Once the pictures have been removed, repeat the remainder of the records exactly.

**Source material**
___
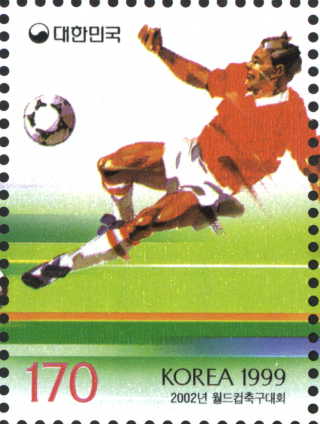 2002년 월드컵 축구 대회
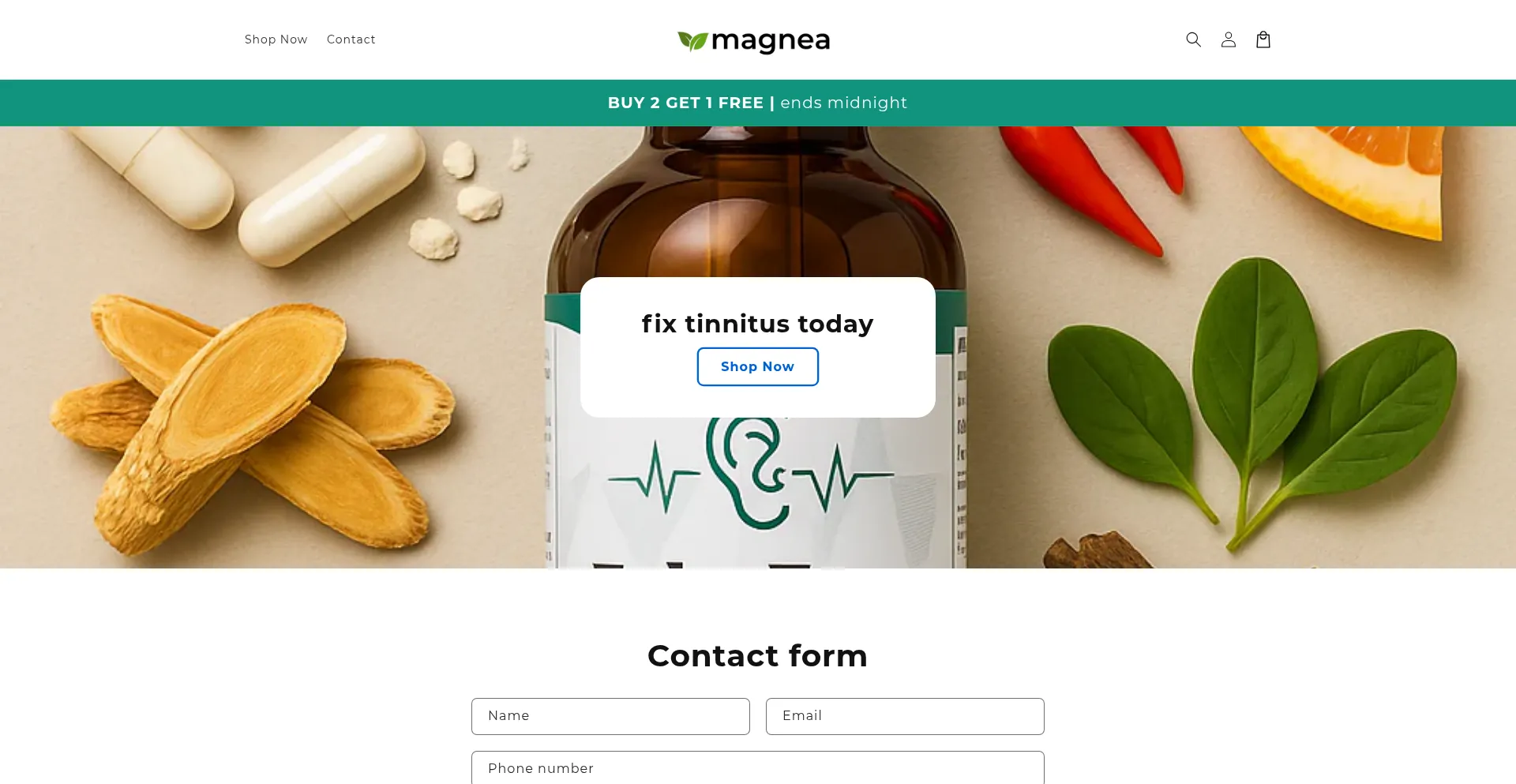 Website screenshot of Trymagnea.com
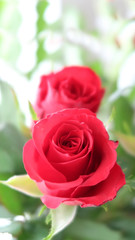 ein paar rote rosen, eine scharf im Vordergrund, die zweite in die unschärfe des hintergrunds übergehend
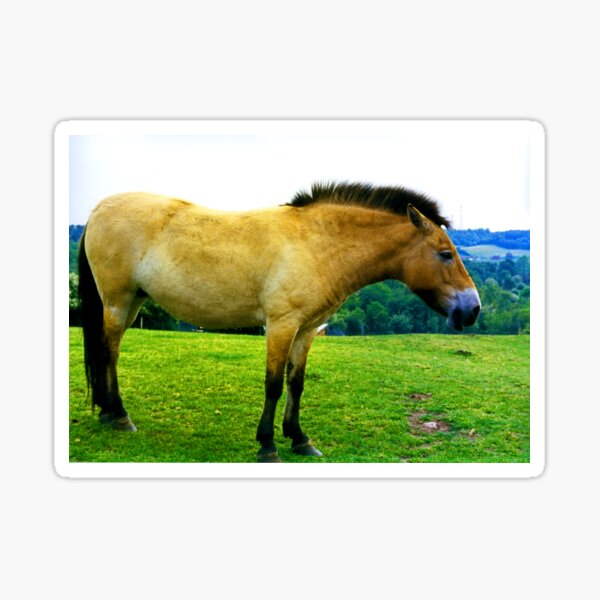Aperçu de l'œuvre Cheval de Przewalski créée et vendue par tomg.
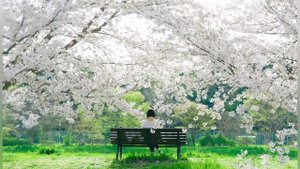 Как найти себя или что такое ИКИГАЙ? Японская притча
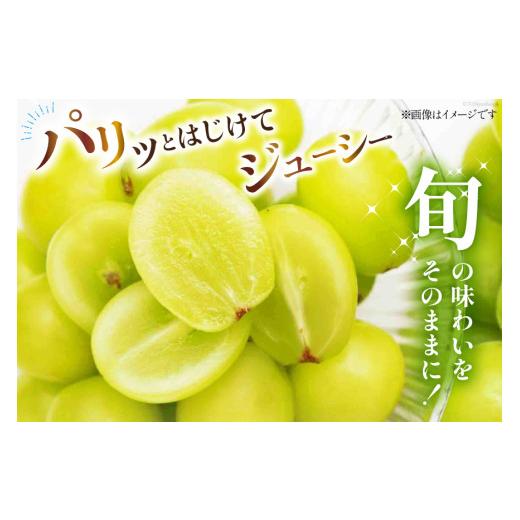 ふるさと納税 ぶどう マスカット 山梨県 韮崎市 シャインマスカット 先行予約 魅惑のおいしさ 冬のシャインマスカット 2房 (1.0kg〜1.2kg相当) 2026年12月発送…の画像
___
**Solution to this problem**
 2002년 월드컵 축구 대회
 Website screenshot of Trymagnea.com
 ein paar rote rosen, eine scharf im Vordergrund, die zweite in die unschärfe des hintergrunds übergehend
Aperçu de l'œuvre Cheval de Przewalski créée et vendue par tomg.
 Как найти себя или что такое ИКИГАЙ? Японская притча
 ふるさと納税 ぶどう マスカット 山梨県 韮崎市 シャインマスカット 先行予約 魅惑のおいしさ 冬のシャインマスカット 2房 (1.0kg〜1.2kg相当) 2026年12月発送…の画像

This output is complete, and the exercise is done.